- [TASK DETAILS] The answer must be the lines from the one that holds "skull low poly Free 3D model_3" through the final line of the data, copied exactly, with no pictures.

- [MATERIAL TO PROCESS]
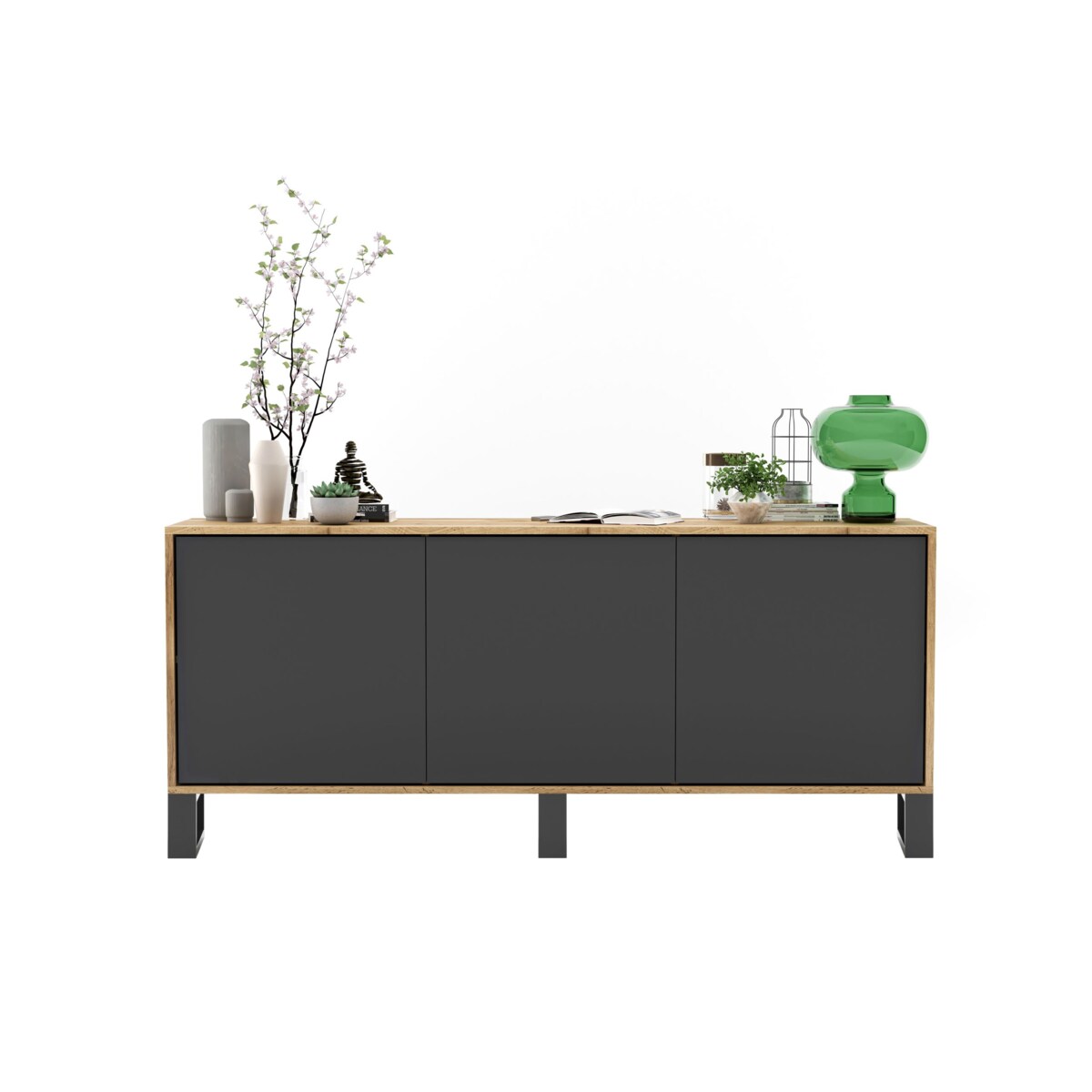 Komoda Loft Szafka RTV Industrialna Dąb Wotan Grafit MAT 168 cm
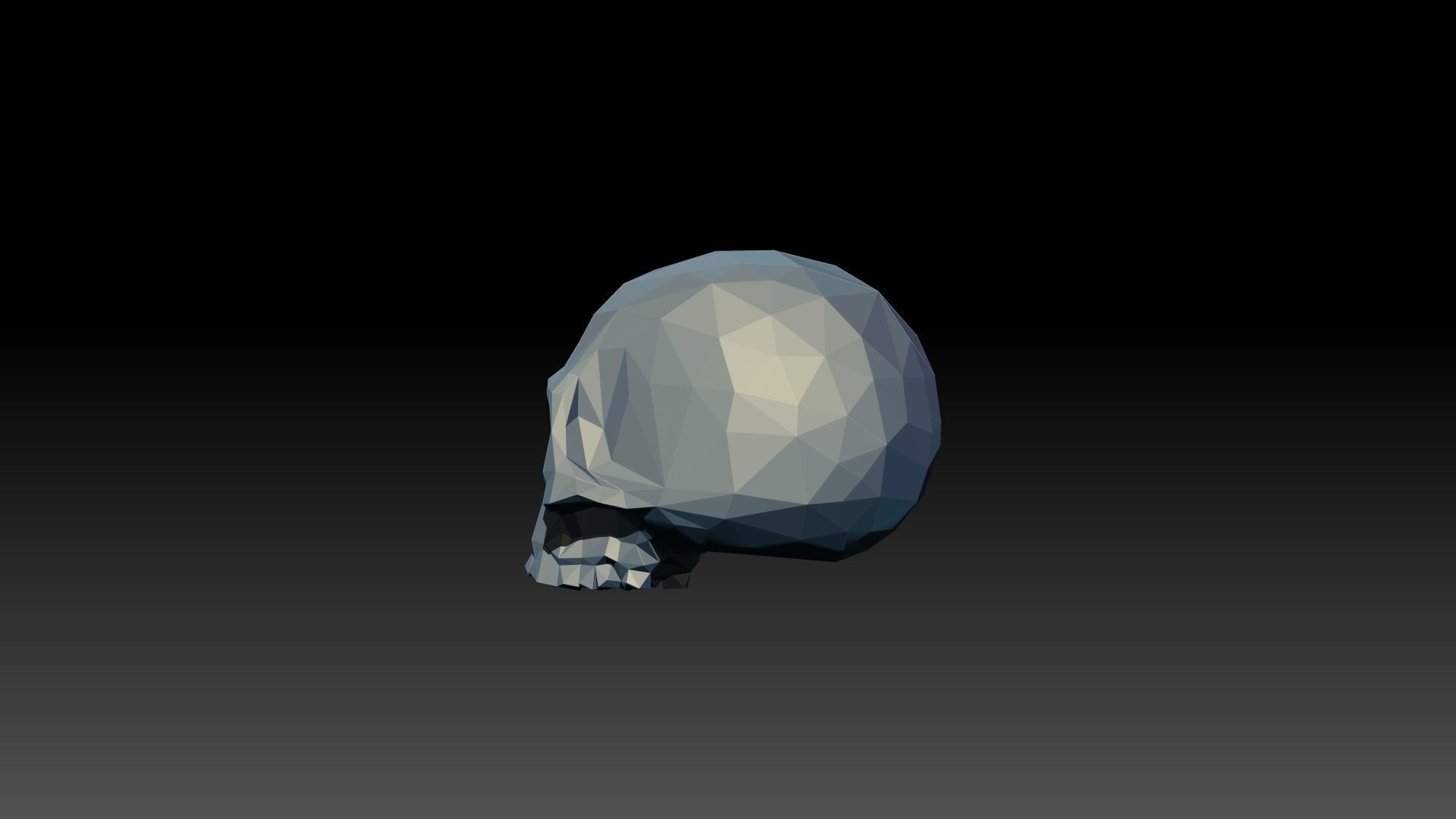 skull low poly Free 3D model_3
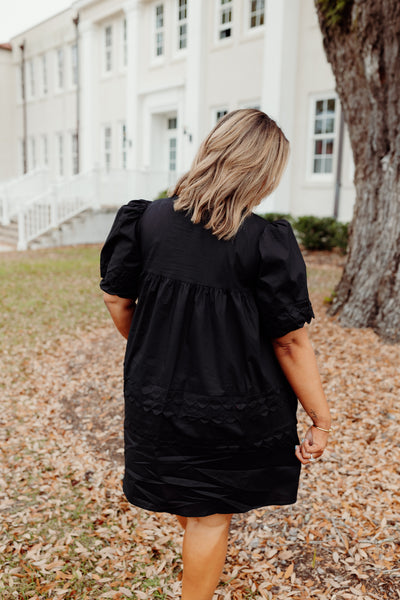 Karlie Black Solid Poplin V-Neck Scallop Puff Sleeve Dress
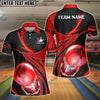 BlueJoses Bowling And Pins Galaxy Pattern Customized Name, Team Name 3D Shirt for Women (4 Colors)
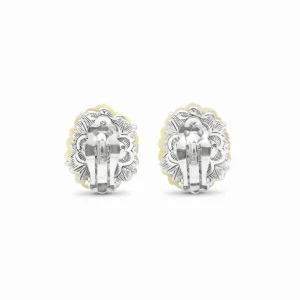 Stephen Dweck Carventurous Hand Carved Mother of Pearl Earrings in Sculpted Sterling Silver< Earrings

- [SOLUTION FOR THIS EXERCISE]
 skull low poly Free 3D model_3
 Karlie Black Solid Poplin V-Neck Scallop Puff Sleeve Dress
 BlueJoses Bowling And Pins Galaxy Pattern Customized Name, Team Name 3D Shirt for Women (4 Colors)
 Stephen Dweck Carventurous Hand Carved Mother of Pearl Earrings in Sculpted Sterling Silver< Earrings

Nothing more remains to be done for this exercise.